Natasha O’Brown receives early career award for work on blood brain barrier
In the lab of Natasha O'Brown, researchers study the brain of zebrafish for insights into human health.
If you can imagine your brain as an exclusive nightclub, then it’s the bouncer standing guard at the door that most intrigues Rutgers scientist Natasha O’Brown.
Her research explores the blood-brain barrier, a network of cells that regulates what can enter the brain—a complex process that promotes healthy brain function but also creates obstacles for medical treatment.
Natasha O'BrownO’Brown’s work in this emerging area of life science was recognized earlier this year when she was named a Freeman Hrabowski Scholar by the Howard Hughes Medical Institute (HHMI) – an honor that provides up to 10 years of support for early career faculty who show the potential to become leaders in their fields.
O’Brown, a professor in the Department of Cell Biology and Neuroscience in the School of Arts and Sciences, is the first Rutgers faculty member to receive HHMI support in more than a decade.
In the interview below she breaks down the blood brain barrier.
What is the blood-brain barrier? Does everyone have one?
Yes, everything from fish to humans has a blood-brain barrier. It’s created by the blood vessels in your brain which have these specialized properties that keep them very restrictive.
You can think of the brain as this VIP club and the barrier as the bouncer who’s controlling what is getting in and what’s getting out. It’s not a complete wall, but it’s highly selective, like a filtering process. And it’s absolutely necessary for maintaining everything you need for day-to-day human functioning.
What is the connection between the blood-brain barrier and illnesses such as Alzheimer’s and Parkinson’s?
Barrier breakdown has been implicated in almost every neurodegenerative disease, including Parkinson’s, Alzheimer’s, multiple sclerosis and ALS. But the barrier breaks down in different areas of the brain, with different neurons that are susceptible for each of these diseases. How that’s actually happening is one of the areas my lab is trying to tackle. Where is this heterogeneity coming from? Why are certain neurons most susceptible for one disease versus another disease?
How does the blood-brain barrier, despite its vital protective function that you just described, hinder medical treatment?
It is a huge obstacle to drug delivery. Ninety-eight percent of drugs that are currently available and, on the market, cannot get into the brain because of the BBB. It’s especially devastating for brain tumors. Advances for glioblastoma (a type of brain cancer), for example, have not been made in the last three decades, because treatments can’t get into the brain at effective doses. It is also a huge barrier for psychiatric medicine. Something that might work in a dish isn’t actually going to work in a body because you have this barrier that is protecting and preventing these molecules from getting in.

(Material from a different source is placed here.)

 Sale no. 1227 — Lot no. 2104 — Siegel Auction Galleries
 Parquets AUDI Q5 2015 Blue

Does your lab explore both of these aspects: Helping the barrier stay strong, and also trying to understand how to allow passage for critical medication?
It is both. I am a developmental biologist at heart, so one focus is understanding how the barrier is initially built. Yes, it’s a property of these blood vessels but it’s something that’s embryonically established and actively maintained throughout your life by signals from the surrounding cells in the brain. These signals are constantly saying: “you’re a blood vessel in the brain, stay tight!” Yet we still know very little about which cells or signals are being used to send that message.

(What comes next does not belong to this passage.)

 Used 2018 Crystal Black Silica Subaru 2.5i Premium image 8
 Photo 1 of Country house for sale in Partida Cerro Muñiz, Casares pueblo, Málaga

So, we want to understand how the barrier is built during development, so we can identify ways to open the barrier transiently and tighten a leaky barrier. Right now, my lab is in the process of screening for small molecules that can open a barrier transiently, so that we may finally be able to improve treatment options for brain tumors.

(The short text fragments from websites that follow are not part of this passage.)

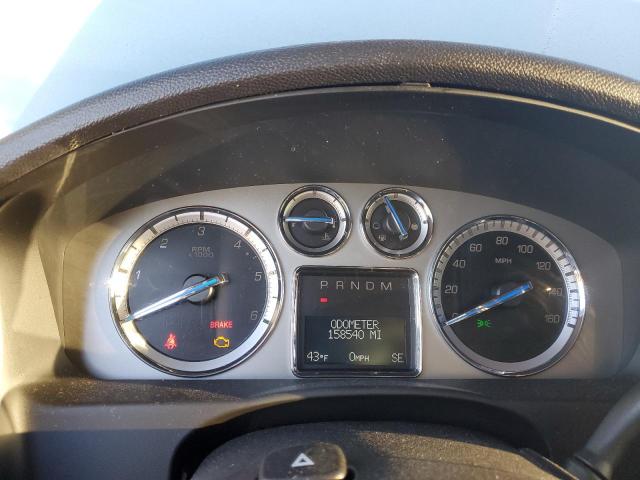 Photo 9 from auction – 2012 CADILLAC ESCALADE L with VIN 1GYS4BEF4CR100005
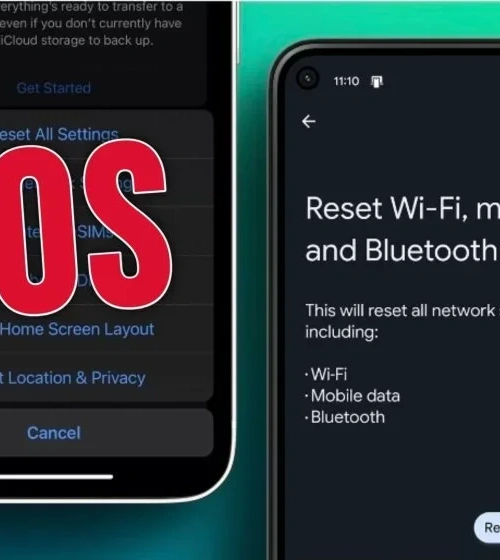 iPhone’unuzdaki Bağlantı Sorunlarına Kesin Çözüm: Ağ Ayarlarını Sıfırlama Rehberi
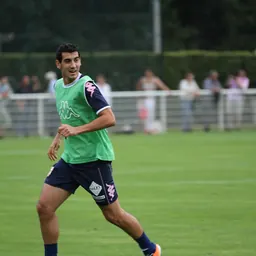 Portrait of Felipe Saad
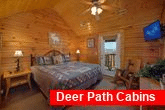 5 Bedroom Cabin with Extra Sleeping 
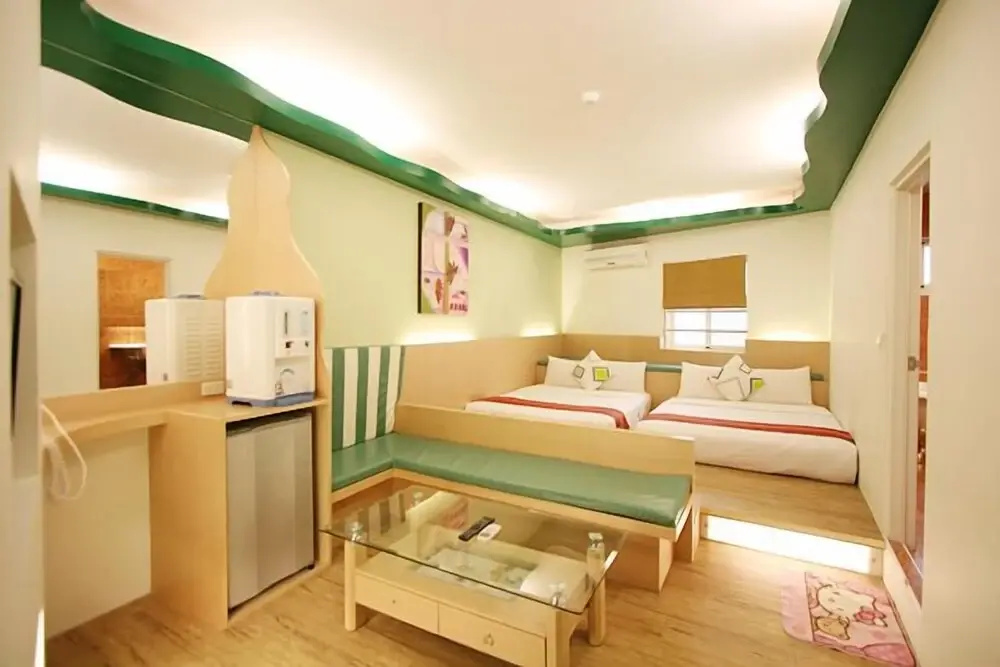 Premium room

Your lab uses zebrafish as models for your research. How are they useful?
They are amazing tropical fish! They are not that big. The adults are a couple of inches. The embryos are the size of an eyelash. They develop rapidly and externally and are transparent so you can use them for live imaging. We can get the entire brain when we’re imaging them on a microscope.
You have been named an HHMI scholar this year. What does that mean for your work? Are there specific projects you will be working on?
Unlike federal funding, where you have to have a very specific hypothesis, and preliminary data, the HHMI program is funding me and my ideas. It allows us to follow the thread wherever we want to go with it. The fact that we are planning on doing genome-wide screenings to identify any gene in any cell that affects the barrier—that would never be (federally) funded. HHMI is saying: “Sure, this is bold and risky, but you could identify something new.”
Your background is in evolutionary biology. It was during your post-doc at Harvard Medical School that you shifted gears to pursue the blood brain barrier. What made you want to change?
Part of the reason was to be more translatable. I lost my grandfather to Parkinson’s, so there are also personal reasons. I really liked the fact that in understanding the barrier, I could do it from an (evolutionary) biology standpoint, while also trying to come up with ways that could help patients.
I am not going to be the one to take it to the bedside, but with these new tools and an evolutionary approach, I think we can finally move past just managing symptoms—and start building real treatment strategies for brain diseases that have long lacked viable options, in large part because of the blood-brain barrier.
Natasha O'Brown, shown here with her research team, has been named a Freeman Hrabowski Scholar by the Howard Hughes Medical Institute , which will support her research into the blood-brain barrier.